Please check the following two links:

-
https://cwiki.apache.org/confluence/display/KAFKA/KIP-3+-+Mirror+Maker+Enhancement

-
https://cwiki.apache.org/confluence/display/KAFKA/KIP-8+-+Add+a+flush+method+to+the+producer+API

They might help you understand the problem.

Cheers,

Xiao Li

2015-05-01 6:28 GMT-07:00 Joe Stein :

> If you want 0 data loss you should also look into the min.insync.repica
> setting in 0.8.2.1 as it guarantees data in multiple racks.
>
> If you don't have that set then you have this scenario as possible.
>
> lets say 1 topic, 1 partition, replication 3. You are producing with ACK=-1
>
> b1, b2, b3 (where b=broker and b1 is leader, b2, b3 replicas).
>
> b1,b2 dies, b3 is leader. so far all is well.
>
> 10 minutes go by and b3 dies
>
> 1 minute later b1 comes back online, it will truncate essentially 45
> minutes of data upstream thought was saved.
>
> but now, you can have ACK=-1 get a failure if you don't have a enough
> replica to survive data loss guarantees. min.isr=2 min.sir=3 //depends on
> data
>
> Also take a look at
> https://github.com/stealthly/go_kafka_client/tree/master/mirrormaker it
> might be helpful for what you are looking for.
>
> ~ Joe Stein
> - - - - - - - - - - - - - - - - -
>
>   http://www.stealth.ly
> - - - - - - - - - - - - - - - - -
>
> On Fri, May 1, 2015 at 7:43 AM, Joong Lee  wrote:
>
> > It is based on our understanding from reading the documents.
> >
> > We aren't concerned of data duplication as that is going to be handled by
> > elasticsearch.
> >
> > > On May 1, 2015, at 12:15 AM, Daniel Compton <
> > daniel.compton.li...@gmail.com> wrote:
> > >
> > > When we evaluated MirrorMaker last year we didn't find any risk of data
> > > loss, only duplicate messages in the case of a network partition.
> > >
> > > Did you discover data loss in your tests, or were you just looking at
> the
> > > docs?
> > > On Fri, 1 May 2015 at 4:31 pm Jiangjie Qin 
> > > wrote:
> > >
> > >> Which mirror maker version did you look at?
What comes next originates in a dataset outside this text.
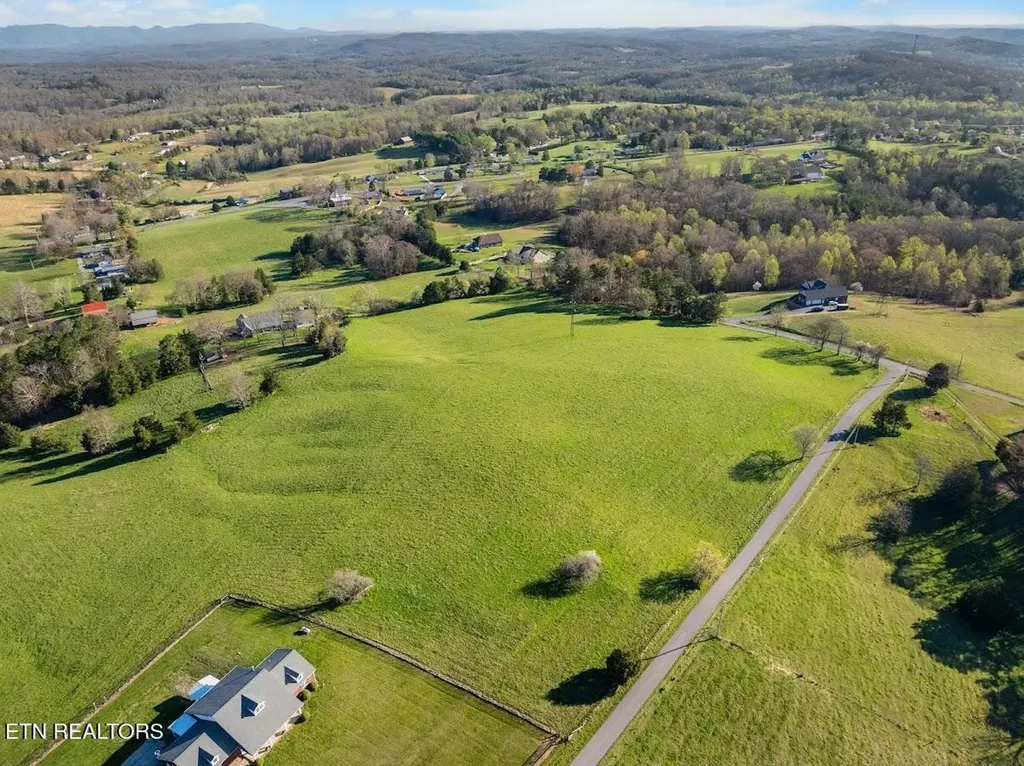 1 Dunsmore Road Lenoir City TN 37771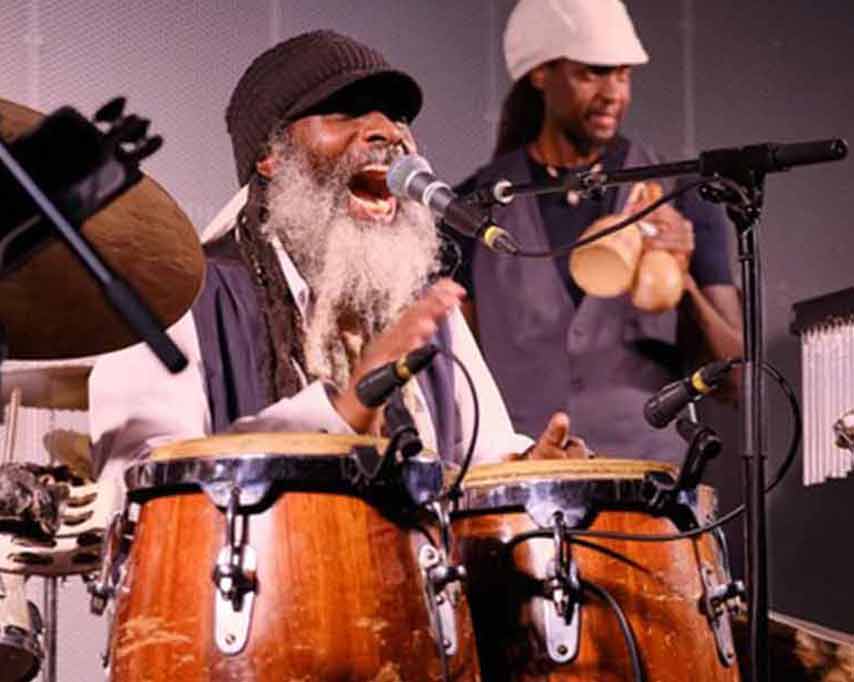 Ayi Solomon & friends – en rejse gennem musikkens mangfoldighed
The MirrorMaker in trunk
> > >> should not have data loss if you just use the default setting.
> > >>
> > >>> On 4/30/15, 7:53 PM, "Joong Lee"  wrote:
> > >>>
> > >>> Hi,
> > >>> We are exploring Kafka to keep two data centers (primary and DR)
> > running
> > >>> hosts of elastic search nodes in sync. One key requirement is that we
> > >>> can't lose any data. We POC'd use of MirrorMaker and felt it may not
> > meet
> > >>> out data loss requirement.
> > >>>
> > >>> I would like ask the community if we should look for another solution
> > or
> > >>> would Kafka be the right solution considering zero data loss
> > requirement.
> > >>>
> > >>> Thanks
> > >>
> > >>
> >
>


Re: Data replication and zero data loss

2015-05-01 Thread Joe Stein
If you want 0 data loss you should also look into the min.insync.repica
setting in 0.8.2.1 as it guarantees data in multiple racks.
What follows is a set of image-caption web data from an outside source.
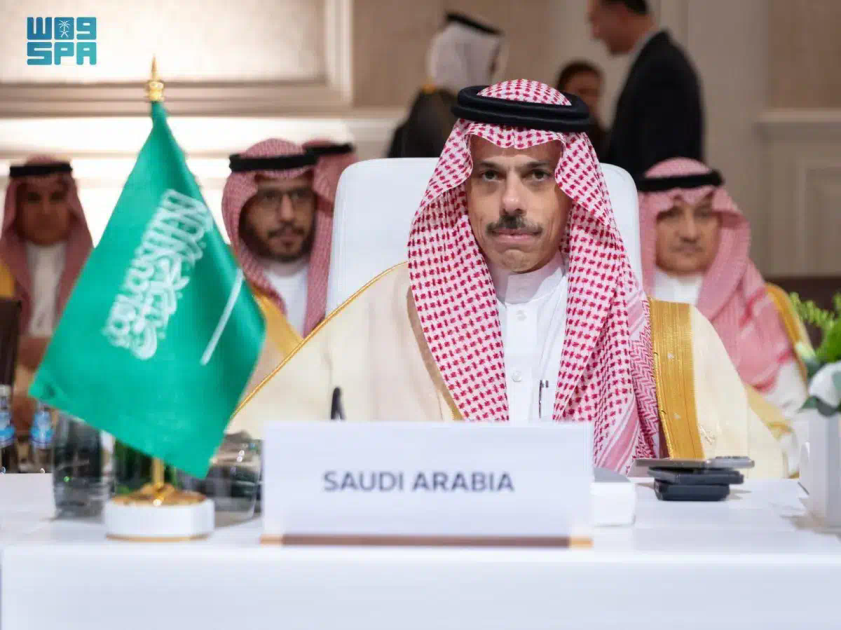 سمو وزير الخارجية يشارك في الاجتماع الوزاري التحضيري للقمة العربية الإسلامية الطارئة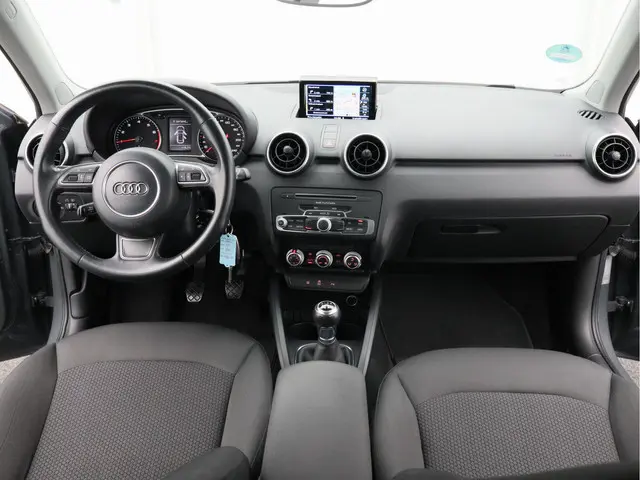 Audi A1 Sportback 1.0 TFSI/ lage km/ zeer mooi!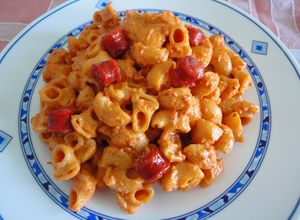 Una foto de Macarrones con crema de chistorra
If you don't have that set then you have this scenario as possible.

lets say 1 topic, 1 partition, replication 3. You are producing with ACK=-1

b1, b2, b3 (where b=broker and b1 is leader, b2, b3 replicas).

b1,b2 dies, b3 is leader. so far all is well.

10 minutes go by and b3 dies

1 minute later b1 comes back online, it will truncate essentially 45
minutes of data upstream thought was saved.

but now, you can have ACK=-1 get a failure if you don't have a enough
replica to survive data loss guarantees. min.isr=2 min.sir=3 //depends on
data

Also take a look at
https://github.com/stealthly/go_kafka_client/tree/master/mirrormaker it
might be helpful for what you are looking for.

~ Joe Stein
- - - - - - - - - - - - - - - - -

  http://www.stealth.ly
- - - - - - - - - - - - - - - - -

On Fri, May 1, 2015 at 7:43 AM, Joong Lee  wrote:

> It is based on our understanding from reading the documents.
>
> We aren't concerned of data duplication as that is going to be handled by
> elasticsearch.
>
> > On May 1, 2015, at 12:15 AM, Daniel Compton <
> daniel.compton.li...@gmail.com> wrote:
> >
> > When we evaluated MirrorMaker last year we didn't find any risk of data
> > loss, only duplicate messages in the case of a network partition.
> >
> > Did you discover data loss in your tests, or were you just looking at the
> > docs?
> > On Fri, 1 May 2015 at 4:31 pm Jiangjie Qin 
> > wrote:
> >
> >> Which mirror maker version did you look at? The MirrorMaker in trunk
> >> should not have data loss if you just use the default setting.
> >>
> >>> On 4/30/15, 7:53 PM, "Joong Lee"  wrote:
> >>>
> >>> Hi,
> >>> We are exploring Kafka to keep two data centers (primary and DR)
> running
> >>> hosts of elastic search nodes in sync. One key requirement is that we
> >>> can't lose any data. We POC'd use of MirrorMaker and felt it may not
> meet
> >>> out data loss requirement.
> >>>
> >>> I would like ask the community if we should look for another solution
> or
> >>> would Kafka be the right solution considering zero data loss
> requirement.
> >>>
> >>> Thanks
> >>
> >>
>


Re: Data replication and zero data loss

2015-05-01 Thread Joong Lee
It is based on our understanding from reading the documents. 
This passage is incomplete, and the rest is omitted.